Source material ::
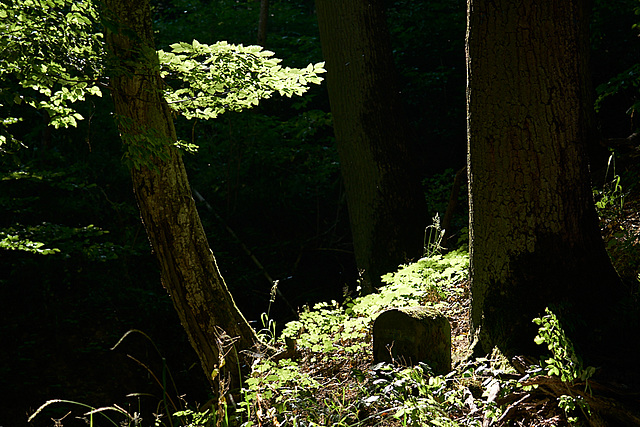 Grenzstein auf der Hangkante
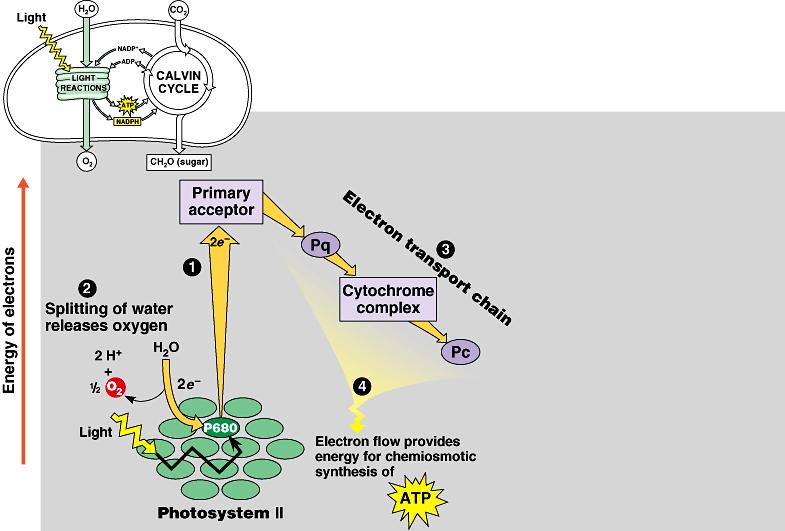 ETC of Photosynthesis chloroplast H+ H+ H+ thylakoid ATP H+ H+ H+ 2 1 e 3 4 ATP to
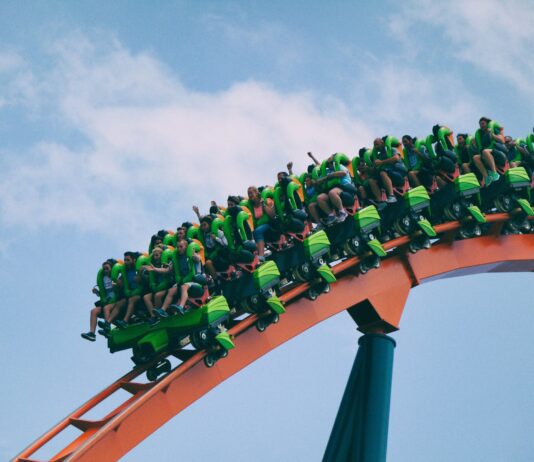 Am I Crazy For Loving Roller Coasters?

Goal of the exercise :: Reproduce the listing verbatim, pictures excluded.

Written reply ::
 Grenzstein auf der Hangkante
 ETC of Photosynthesis chloroplast H+ H+ H+ thylakoid ATP H+ H+ H+ 2 1 e 3 4 ATP to
 Am I Crazy For Loving Roller Coasters?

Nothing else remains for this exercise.